Optimisten stocken bereits auf
Optimisten stehen nicht auf verlorenem Posten. Jede positive Abweichung vom Grundszenario der Märkte wäre aber schon ein Plus für den Markt. Mathieu Racheter, Leiter Aktien-Research bei Julius Bär, erachtet die Stimmung für zu negativ: "Die USA werden unserer Einschätzung nach nicht in eine Rezession fallen und die Inflation wird schneller als erwartet zurückgehen."

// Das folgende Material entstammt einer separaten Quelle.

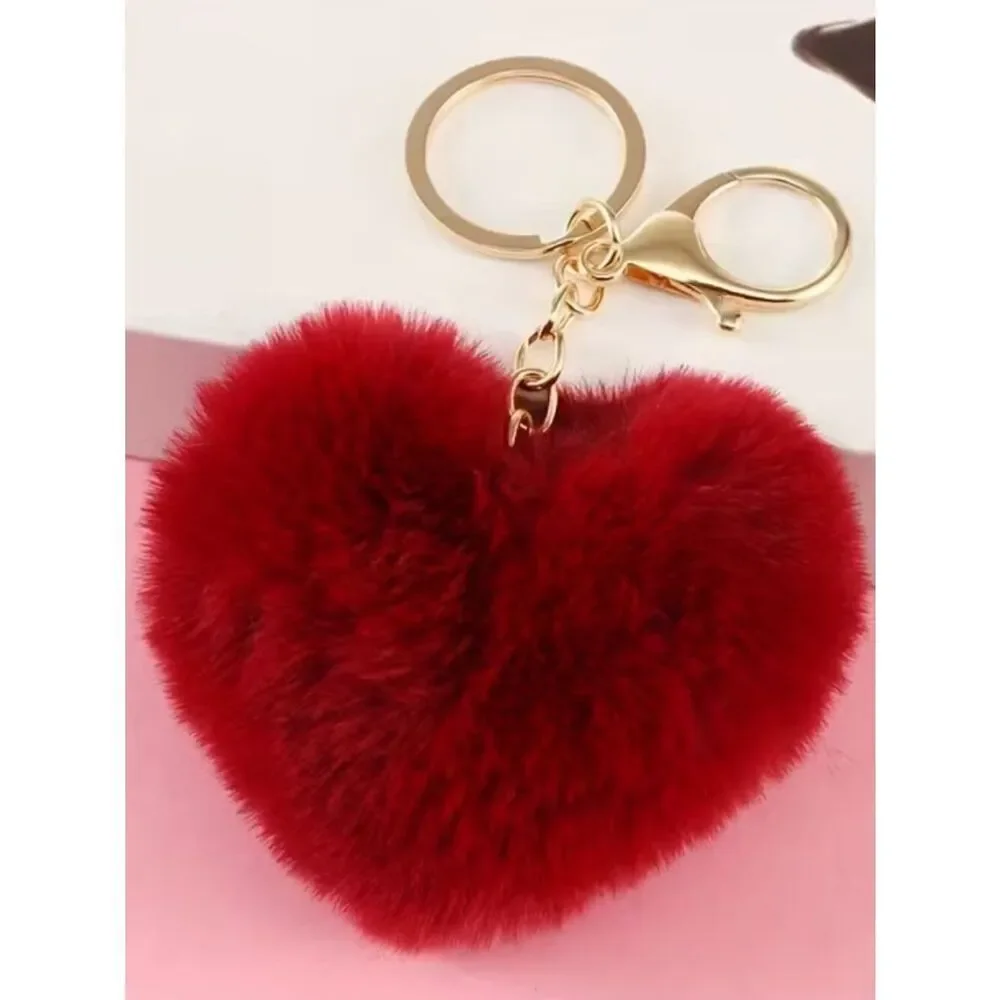 Plush Red Heart Keychain Fluffy Bag Charm Heart Shaped Purse Charm Golden Metal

Bei den Unternehmenszahlen sind die Prognosen immer noch unsicher, was aber auch Chancen beinhaltet. "2022 erlebten wir einen Reset bei den Erwartungen an die Bewertungen. Zurzeit findet ein Reset bei den Erwartungen an die Gewinne statt", sagt Racheter. "Die Konsenserwartungen für die Gewinne im vierten Quartal sind stark gesunken. Zahlen für den Markt in den USA zeigen, dass im April 2022 noch von doppelstelligem Wachstum ausgegangen wurde. Jetzt liegt die Prognose bei minus 4 Prozent", Der Trend in den Gewinnschätzungen lasse sich auch auf die Schweiz übersetzen. "Somit liegt nun aber auch die Schwelle für Überraschungen tief."

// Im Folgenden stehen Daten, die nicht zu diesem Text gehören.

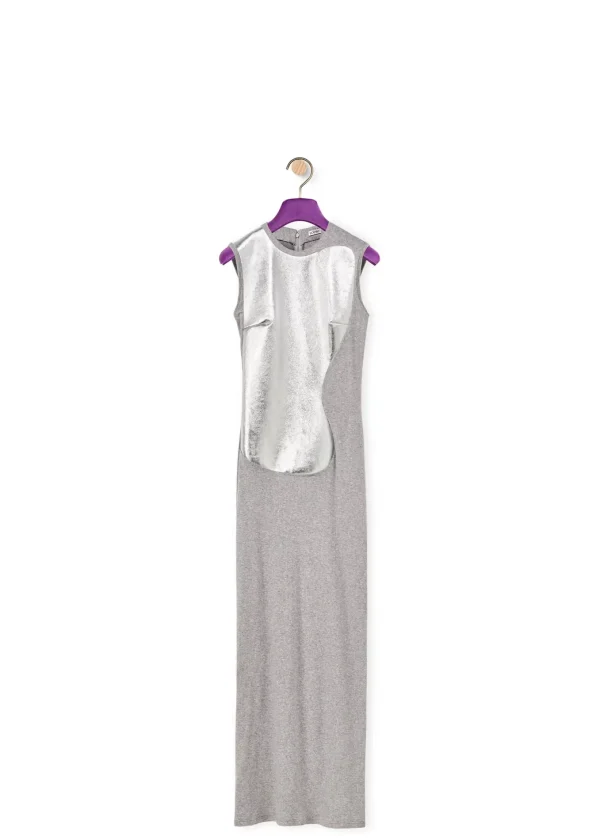 VESTIDO LOEWE LARGO ENTALLADO CON PANEL DE PIEL EN PLATA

Julius Bär hat im November 2022 die Untergewichtung bei den Aktien aufgehoben und ist wieder "konstruktiver" zu Aktien. Deshalb sagt Aktienspezialist Racheter: "Es macht Sinn, jetzt bereits aufzustocken und nicht erst im dritten Quartal. Wir erwarten nicht, dass die Tiefststände am Aktienmarkt vom vergangenen Oktober erneut erreicht werden."
3 Kommentare
An meine "Vorschreiber" turicum 22 und matchwinner. Bis die Aktienpreise so tiefe sinken, 25 % müssen noch einige Wirtschaftsdaten schlecht sein, z. B. Arbeitslosigkeit, Konsumverhalten und Zinsen etc. "Man" wird sich wehren, dass es nicht zu so einem Aderlass kommen wird, wie turicum voraussagt. Matchwinner schreibt: "man muss den Markt lesen können, verkaufen in die Stärke und die könnte auch noch zulegen, kaufen, wenn alle enttäuscht sind." Wer kann den Markt lesen, im besten Fall, kann man versuchen Tatsachen und Begebenheiten zu analysieren. Und, Julius Bär z. B. empfiehlt, aufzustocken weil "er" keine Tiefstände mehr wie im Oktober 2022 erwartet. Last but not least, wie wissen wir, wann alle enttäuscht sind. So verschieden wie wir Menschen sind, werden auch immer wieder individuelle Investitions-Entscheidungen getroffen, und das ist gut so. Eine Aktie kann nur verkauft werden, wenn Verkäufer und Käufer mit dem Preis einverstanden sind. Ist deshalb einer enttäuscht und der Andere Glücklich?
Ueberrascht bin ich nicht: Zuerst Corona, dann die Ukraine. Alles wird teurer, auch Rohstoffe und Energieträger. Das schmälert nicht nur das Budget der Konsumenten, sondern auch der Hersteller, wie Logitech. Bin gespannt, wie es bei anderen Konzerne es ausschauen wird. Es wird wohl sicher nicht nur bei einer Rezession kommen. Ich bleibe dabei: Ende Jahr wird der SMI 25% tiefer ausfallen! Dann wären wir noch gut bedient.
Buy Low And Sell High, BLASH, das war schon immer ein Thema. man muss den Markt lesen können, verkaufen in die Stärke und die könnte auch noch zulegen, kaufen, wenn alle enttäuscht sind. Der Markt biete viele Möglichkeiten, Erfahrung zahlt sich aus!